WHAT NEEDS TO BE DONE -
In the records below, reproduce exactly the lines from the one containing "Dzieci Mahamadou Susoho" through the one containing "Collares de Cuero", both included, and omit the pictures.

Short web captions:
=-=-=

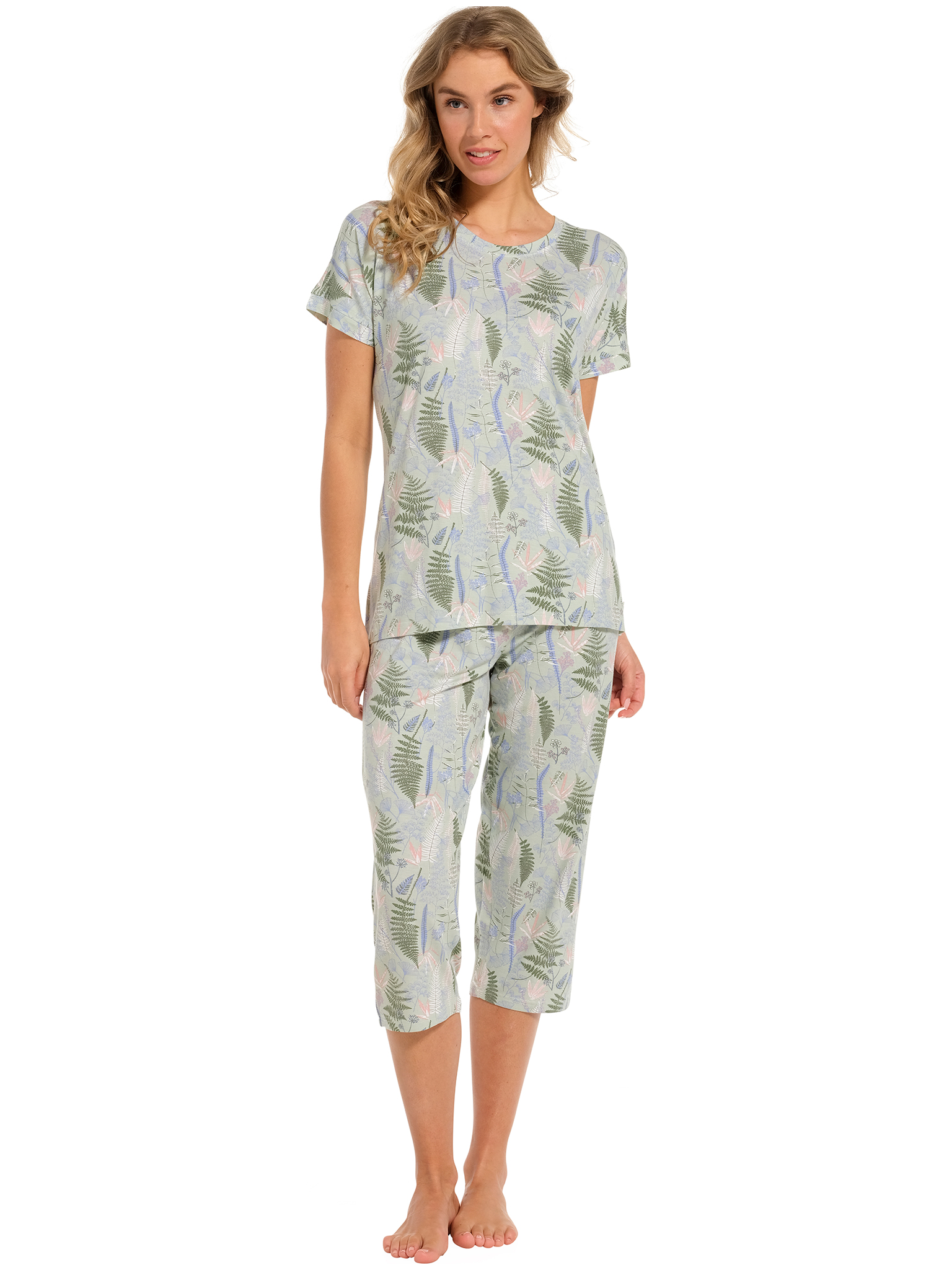 Pastunette - Green Dream - Dames Pyjamaset - Groen - Bamboe - Maat 36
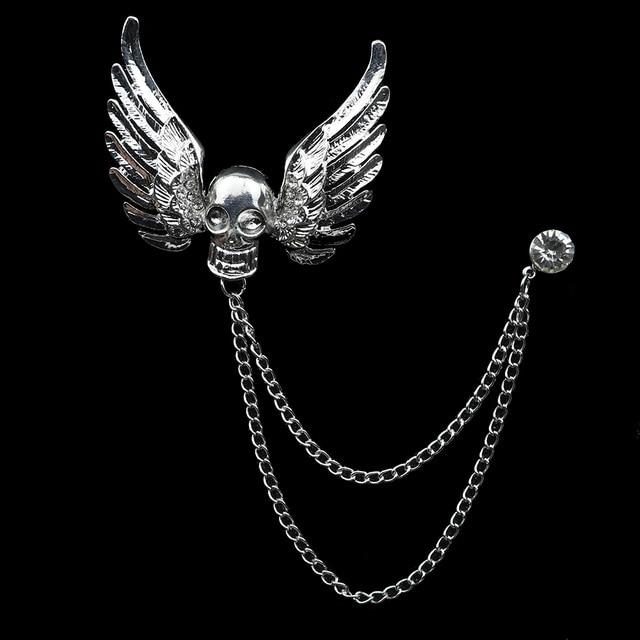 Eagle Angel Skull Anchor Badge Retro Pins Broche Mymaebell.com 50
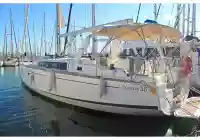 sailboat Oceanis 38.1 Barcelona Spain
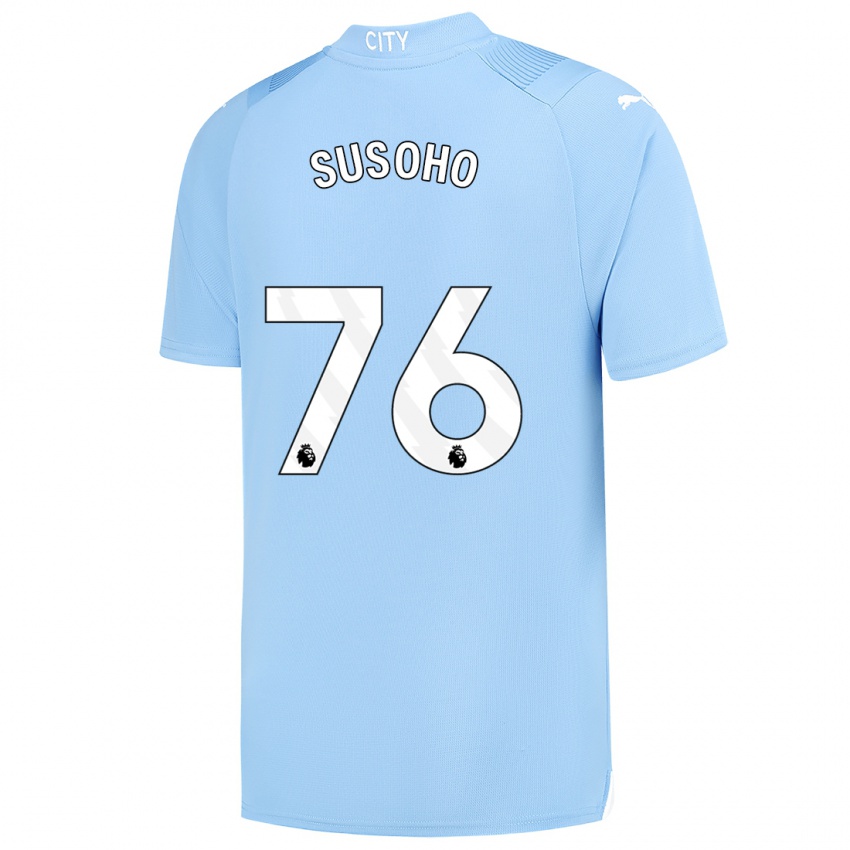 Dzieci Mahamadou Susoho #76 Jasny Niebieski Domowa Koszulka 2023/24 Koszulki Klubowe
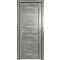 Дверь межкомнатная Future-601 ПВХ, Дуб винчестер серый, остекленная, зеркало, царговая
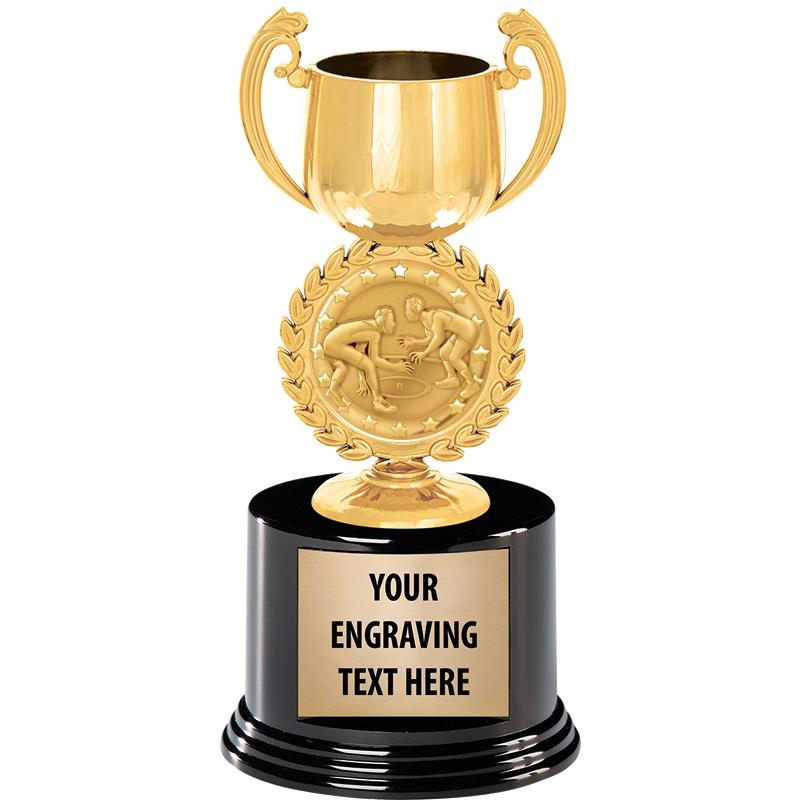 8" CHAPLET CUP GLD W/RND BS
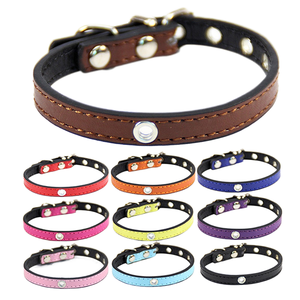 Collares de Cuero PU para Perros y Gatos, Diseño Personalizado Colorido, Tallas XXS, <span class=keywords><strong>XS</strong></span>, S, M, L, XL - Product Image 1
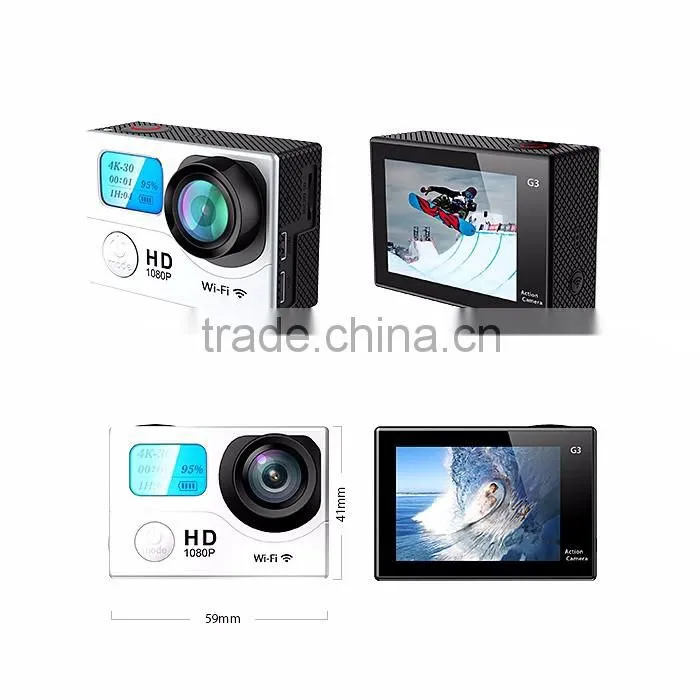 G3 Waterprooffull HD 1080P 60FPS 1080P Hd Mini Sport Action mini wifi Sport Action Camera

=-=-=

ANSWER TO THIS TASK -
 Dzieci Mahamadou Susoho #76 Jasny Niebieski Domowa Koszulka 2023/24 Koszulki Klubowe
 Дверь межкомнатная Future-601 ПВХ, Дуб винчестер серый, остекленная, зеркало, царговая
 8" CHAPLET CUP GLD W/RND BS
 Collares de Cuero PU para Perros y Gatos, Diseño Personalizado Colorido, Tallas XXS, <span class=keywords><strong>XS</strong></span>, S, M, L, XL - Product Image 1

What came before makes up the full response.